Some scribblenotes from news conferences.
First, weather is only 40% go tomorrow (well, today now) due to possible clouds, but mostly wind. 60% go for 24 hour delay. Thay can launch any day during 10:26-11:26 AM EST window.
Expected wind is 310 d at 24-28 kn. Constraint at that angle is 23 knots. At 300 degrees wind direction contraint is 30 knots, at 320 degrees, 20 knots. So wind direction is critical. They will hold at T- 4 min to see how the winds go (assuming no low clouds).
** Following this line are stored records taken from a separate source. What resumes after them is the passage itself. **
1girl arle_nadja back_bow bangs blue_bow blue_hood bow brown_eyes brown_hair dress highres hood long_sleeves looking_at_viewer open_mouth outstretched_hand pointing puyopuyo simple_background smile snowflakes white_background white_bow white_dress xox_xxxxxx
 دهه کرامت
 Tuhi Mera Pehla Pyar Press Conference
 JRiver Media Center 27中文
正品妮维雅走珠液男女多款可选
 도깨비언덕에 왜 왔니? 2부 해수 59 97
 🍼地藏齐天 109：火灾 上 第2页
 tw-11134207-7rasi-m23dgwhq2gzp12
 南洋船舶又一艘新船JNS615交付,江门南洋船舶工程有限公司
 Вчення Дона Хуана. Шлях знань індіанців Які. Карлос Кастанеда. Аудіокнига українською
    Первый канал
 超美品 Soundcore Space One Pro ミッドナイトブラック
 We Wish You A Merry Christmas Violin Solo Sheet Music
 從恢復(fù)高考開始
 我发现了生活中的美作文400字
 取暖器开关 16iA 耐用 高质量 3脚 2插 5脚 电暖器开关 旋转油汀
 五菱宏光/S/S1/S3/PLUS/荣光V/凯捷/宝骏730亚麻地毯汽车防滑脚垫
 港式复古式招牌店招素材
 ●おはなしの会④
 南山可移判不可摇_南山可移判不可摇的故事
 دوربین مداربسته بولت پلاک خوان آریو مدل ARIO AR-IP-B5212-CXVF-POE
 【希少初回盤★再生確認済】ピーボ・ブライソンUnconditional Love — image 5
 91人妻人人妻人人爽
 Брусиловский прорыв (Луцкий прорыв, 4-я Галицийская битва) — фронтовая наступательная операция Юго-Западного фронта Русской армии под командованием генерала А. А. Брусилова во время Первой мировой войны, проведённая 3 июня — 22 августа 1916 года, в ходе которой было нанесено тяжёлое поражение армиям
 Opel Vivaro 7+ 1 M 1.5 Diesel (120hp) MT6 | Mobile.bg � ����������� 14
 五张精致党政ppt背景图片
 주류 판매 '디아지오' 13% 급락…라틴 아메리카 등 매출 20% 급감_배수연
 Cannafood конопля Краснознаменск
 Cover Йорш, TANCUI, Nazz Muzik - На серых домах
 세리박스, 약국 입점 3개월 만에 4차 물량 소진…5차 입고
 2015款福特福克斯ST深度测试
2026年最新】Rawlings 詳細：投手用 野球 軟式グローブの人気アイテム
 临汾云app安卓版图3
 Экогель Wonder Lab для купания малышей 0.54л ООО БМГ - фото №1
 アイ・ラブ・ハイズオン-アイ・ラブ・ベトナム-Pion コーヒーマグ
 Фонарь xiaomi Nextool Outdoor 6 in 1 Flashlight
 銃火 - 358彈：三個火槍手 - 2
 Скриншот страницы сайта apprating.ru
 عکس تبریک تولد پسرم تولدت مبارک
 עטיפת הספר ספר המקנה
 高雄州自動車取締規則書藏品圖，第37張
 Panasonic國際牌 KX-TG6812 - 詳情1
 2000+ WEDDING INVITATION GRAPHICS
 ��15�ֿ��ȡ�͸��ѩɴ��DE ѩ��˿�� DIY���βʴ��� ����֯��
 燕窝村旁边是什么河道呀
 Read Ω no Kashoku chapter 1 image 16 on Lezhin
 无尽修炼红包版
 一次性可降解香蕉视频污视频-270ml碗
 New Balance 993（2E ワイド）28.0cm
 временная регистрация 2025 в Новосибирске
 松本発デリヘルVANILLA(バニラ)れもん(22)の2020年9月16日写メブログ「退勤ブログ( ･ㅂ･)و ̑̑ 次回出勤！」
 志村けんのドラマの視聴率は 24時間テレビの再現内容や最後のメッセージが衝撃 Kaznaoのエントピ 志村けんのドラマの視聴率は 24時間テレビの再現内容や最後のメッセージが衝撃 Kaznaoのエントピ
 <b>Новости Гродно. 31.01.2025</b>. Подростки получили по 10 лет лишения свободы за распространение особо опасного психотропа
Atlas 5 burn is 243 seconds. Launch at azimuth 93.6 degrees. First Centaur burn is 11 minutes placing it into a 95 x 3700 nm orbit for 87 minutes, then a 2nd burn of 195 seconds to GTO. 3 minutes later the spacecraft will separate (covered on NASA TV) and the solar arrays open. It will take 3 weeks to get to geosynchronous orbit, with a total of 2 months commissing time.
Data rate will be 1.5 Terabytes/day so there will be no on craft storage, rather data is directly beamed to twin 18 meter dishes on ground. Primary Mission is 5 years, with propellant for 10.
It will image the sun at 8 wavelengths every 10 seconds with IMAX level resolution. Also do Extreme Ultraviolet spectrography, and helioseismology.